I was meditating for an hour this morning, and I thought, I could do more. Meaning I would like to stay in meditation longer today. But I stopped because other responsibilities called.
Immediately after meditation, I sit in my breath, and in open head-and-heart space (no to-do list yet), ready for contemplation or inquiry that might come up. Sometimes nothing does, and after a moment, I move on.
This morning, an inquiry: why do I practice yoga and meditation?
The answer: I don’t know.
So I contemplated.
While I was stressed and anxious, I didn’t come to this practice to find relief for my stress and anxiety. At the time, I went to therapy for that, and also I drank.
While I valued exercise for my physical and mental health, I didn’t come to this practice for those things. At the time, I went to the gym six days a week, did weights and an hour of cardio for strength, metabolism, and mental clarity. I stretched for flexibility.
So why yoga/ meditation?
I came to it because it was something I hadn’t tried, and I had heard people were doing it. I was curious to see what it was.
I continued because it made me realize that even after years of training in the gym, I didn’t have real connection to my body.

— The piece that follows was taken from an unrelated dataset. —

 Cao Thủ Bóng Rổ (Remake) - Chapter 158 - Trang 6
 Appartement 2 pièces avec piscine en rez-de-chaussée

And, this practice made me less externally focused and neurotic about my body.
I continued because after years of therapy, while I understood very well my story and why I was the way I was, and while the person I paid affirmed me, and those insights gave me something very important – self-forgiveness and validation – the yoga practice gave me increasing peace of mind, mental agility around what I couldn’t control, and a healing head space that provided emptiness, a beautiful word when looked through a different lens. Rather than being meaningless, this empty space is all-expansive and rich with potential. It is coded with invisible, universal intelligence. The ability to tap into that space that had not yet been contaminated by the ego for longer than even a second makes a dramatic difference in the experience of one’s life. Light only needs a small crack to shine through.
Most of all, it stuck because I followed something inside of me that understood its magic even when my mind hadn’t fully grasped it (it still hasn’t). I was too skeptical to come in with any expectations, general or specific, and this turned out to be the best way to come to it. My mind could not limit this practice to a performance tool that I could analyze. I couldn’t ask, why isn’t this working? How long before I feel different and my life gets better? I didn’t even get that I would still be doing this practice 20 years later, let alone teach it. My mind had no reference point for disappointment as it related to this practice. So it referenced me to my soul.